2) Has anyone seen the new Citicards commercials? The ones with the Russian old guy amassing points? I think he says it is very "rewarding", but it comes out "bevording". I find them amazingly compelling. I think I may be the only one who enjoys these.
Is that Judd Hirsch doing the ad?
3) At the end of the Steelers-Raiders game, they showed a picture of Al Davis. Janice almost threw up her dinner. "Who IS that?" she asked. It's the owner. "Wow - he looks dead". That may be a compliment.
4) Is there any doubt that if it was a Browns player making that non-catch in the end zone at the end of the Browns-Jets game , there would be ZERO national outrage about the push-out rule? And people wonder why there is such hatred toward east-coast teams...
5) More bathroom blogging: Look, if you are in a stall, especially the first stall that is adjacent to the urinals and the rest of the bathroom, do NOT drop your pants so much that you expose skin to the rest of the people underneath the stall wall. Why do you feel the need to throw your pants and underwear on the floor (with your two legs still loosely inside them) so that we can see:
- what socks you are wearing
- what kind of underwear you are wearing
- your badge lying on the floor
Ugh! When taking a crap, the pants don't go lower than your kneecap. Man Law?
6) Derek and I had a vocal argument about College Football vs College Basketball - which sport most embodies American Ideals?
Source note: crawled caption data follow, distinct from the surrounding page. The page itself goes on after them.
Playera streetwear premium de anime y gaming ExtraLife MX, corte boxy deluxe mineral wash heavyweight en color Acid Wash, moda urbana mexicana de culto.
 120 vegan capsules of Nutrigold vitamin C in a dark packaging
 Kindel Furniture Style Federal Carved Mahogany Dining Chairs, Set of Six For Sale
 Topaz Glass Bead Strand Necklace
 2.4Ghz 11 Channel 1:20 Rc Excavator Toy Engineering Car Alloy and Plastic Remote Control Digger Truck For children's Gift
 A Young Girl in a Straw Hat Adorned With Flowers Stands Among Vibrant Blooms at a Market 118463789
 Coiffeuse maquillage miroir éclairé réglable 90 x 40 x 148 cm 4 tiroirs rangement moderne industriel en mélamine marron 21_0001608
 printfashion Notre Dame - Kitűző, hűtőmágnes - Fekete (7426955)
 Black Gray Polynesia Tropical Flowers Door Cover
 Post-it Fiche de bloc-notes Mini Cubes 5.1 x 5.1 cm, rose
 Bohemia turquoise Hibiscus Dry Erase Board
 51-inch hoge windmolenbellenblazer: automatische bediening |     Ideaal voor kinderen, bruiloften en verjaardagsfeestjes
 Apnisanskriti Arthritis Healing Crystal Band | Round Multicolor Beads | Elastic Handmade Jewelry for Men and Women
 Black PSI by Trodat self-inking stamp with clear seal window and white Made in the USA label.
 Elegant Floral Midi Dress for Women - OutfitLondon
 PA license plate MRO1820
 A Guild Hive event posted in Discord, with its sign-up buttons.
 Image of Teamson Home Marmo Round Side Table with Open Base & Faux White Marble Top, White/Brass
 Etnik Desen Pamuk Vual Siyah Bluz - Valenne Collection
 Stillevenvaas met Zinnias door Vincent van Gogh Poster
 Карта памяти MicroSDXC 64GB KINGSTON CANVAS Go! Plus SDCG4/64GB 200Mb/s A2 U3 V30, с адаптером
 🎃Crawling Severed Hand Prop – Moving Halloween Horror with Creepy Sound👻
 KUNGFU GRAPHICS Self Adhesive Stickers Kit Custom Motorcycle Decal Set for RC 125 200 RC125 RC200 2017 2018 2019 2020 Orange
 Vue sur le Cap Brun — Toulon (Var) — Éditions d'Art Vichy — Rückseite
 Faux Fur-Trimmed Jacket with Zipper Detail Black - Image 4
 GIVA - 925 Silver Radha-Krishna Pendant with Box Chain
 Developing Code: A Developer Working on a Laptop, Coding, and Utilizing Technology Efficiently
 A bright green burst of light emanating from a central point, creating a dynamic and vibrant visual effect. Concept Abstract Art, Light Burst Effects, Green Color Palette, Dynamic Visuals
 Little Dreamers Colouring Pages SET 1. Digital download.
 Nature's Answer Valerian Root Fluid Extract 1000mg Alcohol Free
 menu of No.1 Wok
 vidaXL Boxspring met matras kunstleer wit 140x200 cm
And Derek - what about Rutgers? If they are the only undefeated team left besides Ohio St, do they play in the Fiesta Bowl against the Buckeyes?
4 comments:
Look, the discussion started because Eric called USC a fraud. Now its sort of doesn't make a difference now since USC lost, but what happens if WV, Louisville, and Rutgers all lose? Who is the # 2 team? IF USC and Michigan (yes I think they will lose to Ohio St) have 1 lose, why wouldn't USC be ahead of Michigan. Michigan's non conference schedule is pretty poor except for ND. They did play Ohio St, Penn St, and Wisconsin. In SC, their non conference is fairly strong. Arkansas, Nebraska, and ND. Throw in Oregon, Cal, and UCLA and I would say that USC's schedule is harder than Michigan. But the Pac-10 doesn't get any credit from anyone, so I'm sure Michigan will play for the National Championship.
OK, then we need to talk about which sport embodies the American ideals? Six elite conferences get to decide who plays for the national championship and receive all the money. Hmmmm... If you aren't apart of any of these conferences, you are on the out looking in until you can prove yourself and they invite you into their club and then everyone is happy. Its more about what people think of you than your true work result??? Hmmmmm.... And there seems to be a flaw in the system due to all the subjective input, but yet nobody fixes it because there is too much money to make in the current system. Hmmmm. I think this represents how American truly is rather than the American ideal. Don't you think?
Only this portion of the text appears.